### WHAT THE EXERCISE ASKS
Every line below should be copied out exactly.

### PROVIDED INFORMATION
_ _ _

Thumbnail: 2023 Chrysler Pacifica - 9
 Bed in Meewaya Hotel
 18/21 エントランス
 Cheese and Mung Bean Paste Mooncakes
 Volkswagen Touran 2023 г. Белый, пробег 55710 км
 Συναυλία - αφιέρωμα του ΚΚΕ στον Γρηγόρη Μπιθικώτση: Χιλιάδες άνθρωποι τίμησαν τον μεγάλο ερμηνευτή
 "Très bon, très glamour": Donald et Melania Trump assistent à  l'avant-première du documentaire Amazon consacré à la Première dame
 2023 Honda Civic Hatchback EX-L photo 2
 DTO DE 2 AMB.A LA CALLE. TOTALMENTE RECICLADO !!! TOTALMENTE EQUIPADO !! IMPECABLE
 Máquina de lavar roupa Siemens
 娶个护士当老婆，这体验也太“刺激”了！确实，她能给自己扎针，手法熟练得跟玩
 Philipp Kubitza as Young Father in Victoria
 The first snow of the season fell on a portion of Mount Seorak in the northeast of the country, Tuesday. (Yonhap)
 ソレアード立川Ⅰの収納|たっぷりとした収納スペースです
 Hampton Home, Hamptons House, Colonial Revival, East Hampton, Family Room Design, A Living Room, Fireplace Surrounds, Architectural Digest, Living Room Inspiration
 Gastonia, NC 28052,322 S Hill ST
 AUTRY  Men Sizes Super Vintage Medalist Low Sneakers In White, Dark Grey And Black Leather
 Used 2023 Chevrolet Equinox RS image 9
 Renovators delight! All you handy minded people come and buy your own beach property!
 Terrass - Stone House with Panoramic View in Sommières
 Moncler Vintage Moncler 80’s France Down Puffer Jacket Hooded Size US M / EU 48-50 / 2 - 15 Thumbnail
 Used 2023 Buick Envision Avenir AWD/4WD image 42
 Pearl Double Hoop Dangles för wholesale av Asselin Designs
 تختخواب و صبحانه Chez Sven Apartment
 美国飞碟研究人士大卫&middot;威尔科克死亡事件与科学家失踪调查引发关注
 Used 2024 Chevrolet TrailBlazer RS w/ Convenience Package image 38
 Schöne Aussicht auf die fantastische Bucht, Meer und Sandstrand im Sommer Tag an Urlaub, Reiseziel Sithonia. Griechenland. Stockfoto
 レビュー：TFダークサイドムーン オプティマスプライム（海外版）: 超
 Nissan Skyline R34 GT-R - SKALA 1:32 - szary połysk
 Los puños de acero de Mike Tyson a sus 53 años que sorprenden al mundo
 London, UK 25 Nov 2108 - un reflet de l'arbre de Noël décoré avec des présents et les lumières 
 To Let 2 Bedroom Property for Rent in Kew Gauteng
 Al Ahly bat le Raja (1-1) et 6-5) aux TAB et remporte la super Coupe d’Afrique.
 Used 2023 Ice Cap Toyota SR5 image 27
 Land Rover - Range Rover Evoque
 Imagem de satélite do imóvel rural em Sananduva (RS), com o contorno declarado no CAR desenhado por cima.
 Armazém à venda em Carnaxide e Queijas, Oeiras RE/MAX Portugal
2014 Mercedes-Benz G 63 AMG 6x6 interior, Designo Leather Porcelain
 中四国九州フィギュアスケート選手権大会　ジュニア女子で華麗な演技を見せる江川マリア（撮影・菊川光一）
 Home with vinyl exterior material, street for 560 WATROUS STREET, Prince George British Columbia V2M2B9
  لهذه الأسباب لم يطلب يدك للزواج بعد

_ _ _

### RESULT OF THIS EXERCISE
Thumbnail: 2023 Chrysler Pacifica - 9
 Bed in Meewaya Hotel
 18/21 エントランス
 Cheese and Mung Bean Paste Mooncakes
 Volkswagen Touran 2023 г. Белый, пробег 55710 км
 Συναυλία - αφιέρωμα του ΚΚΕ στον Γρηγόρη Μπιθικώτση: Χιλιάδες άνθρωποι τίμησαν τον μεγάλο ερμηνευτή
 "Très bon, très glamour": Donald et Melania Trump assistent à  l'avant-première du documentaire Amazon consacré à la Première dame
 2023 Honda Civic Hatchback EX-L photo 2
 DTO DE 2 AMB.A LA CALLE. TOTALMENTE RECICLADO !!! TOTALMENTE EQUIPADO !! IMPECABLE
 Máquina de lavar roupa Siemens
 娶个护士当老婆，这体验也太“刺激”了！确实，她能给自己扎针，手法熟练得跟玩
 Philipp Kubitza as Young Father in Victoria
 The first snow of the season fell on a portion of Mount Seorak in the northeast of the country, Tuesday. (Yonhap)
 ソレアード立川Ⅰの収納|たっぷりとした収納スペースです
 Hampton Home, Hamptons House, Colonial Revival, East Hampton, Family Room Design, A Living Room, Fireplace Surrounds, Architectural Digest, Living Room Inspiration
 Gastonia, NC 28052,322 S Hill ST
 AUTRY  Men Sizes Super Vintage Medalist Low Sneakers In White, Dark Grey And Black Leather
 Used 2023 Chevrolet Equinox RS image 9
 Renovators delight! All you handy minded people come and buy your own beach property!
 Terrass - Stone House with Panoramic View in Sommières
 Moncler Vintage Moncler 80’s France Down Puffer Jacket Hooded Size US M / EU 48-50 / 2 - 15 Thumbnail
 Used 2023 Buick Envision Avenir AWD/4WD image 42
 Pearl Double Hoop Dangles för wholesale av Asselin Designs
 تختخواب و صبحانه Chez Sven Apartment
 美国飞碟研究人士大卫&middot;威尔科克死亡事件与科学家失踪调查引发关注
 Used 2024 Chevrolet TrailBlazer RS w/ Convenience Package image 38
 Schöne Aussicht auf die fantastische Bucht, Meer und Sandstrand im Sommer Tag an Urlaub, Reiseziel Sithonia. Griechenland. Stockfoto
 レビュー：TFダークサイドムーン オプティマスプライム（海外版）: 超
 Nissan Skyline R34 GT-R - SKALA 1:32 - szary połysk
 Los puños de acero de Mike Tyson a sus 53 años que sorprenden al mundo
 London, UK 25 Nov 2108 - un reflet de l'arbre de Noël décoré avec des présents et les lumières 
 To Let 2 Bedroom Property for Rent in Kew Gauteng
 Al Ahly bat le Raja (1-1) et 6-5) aux TAB et remporte la super Coupe d’Afrique.
 Used 2023 Ice Cap Toyota SR5 image 27
 Land Rover - Range Rover Evoque
 Imagem de satélite do imóvel rural em Sananduva (RS), com o contorno declarado no CAR desenhado por cima.
 Armazém à venda em Carnaxide e Queijas, Oeiras RE/MAX Portugal
2014 Mercedes-Benz G 63 AMG 6x6 interior, Designo Leather Porcelain
 中四国九州フィギュアスケート選手権大会　ジュニア女子で華麗な演技を見せる江川マリア（撮影・菊川光一）
 Home with vinyl exterior material, street for 560 WATROUS STREET, Prince George British Columbia V2M2B9
  لهذه الأسباب لم يطلب يدك للزواج بعد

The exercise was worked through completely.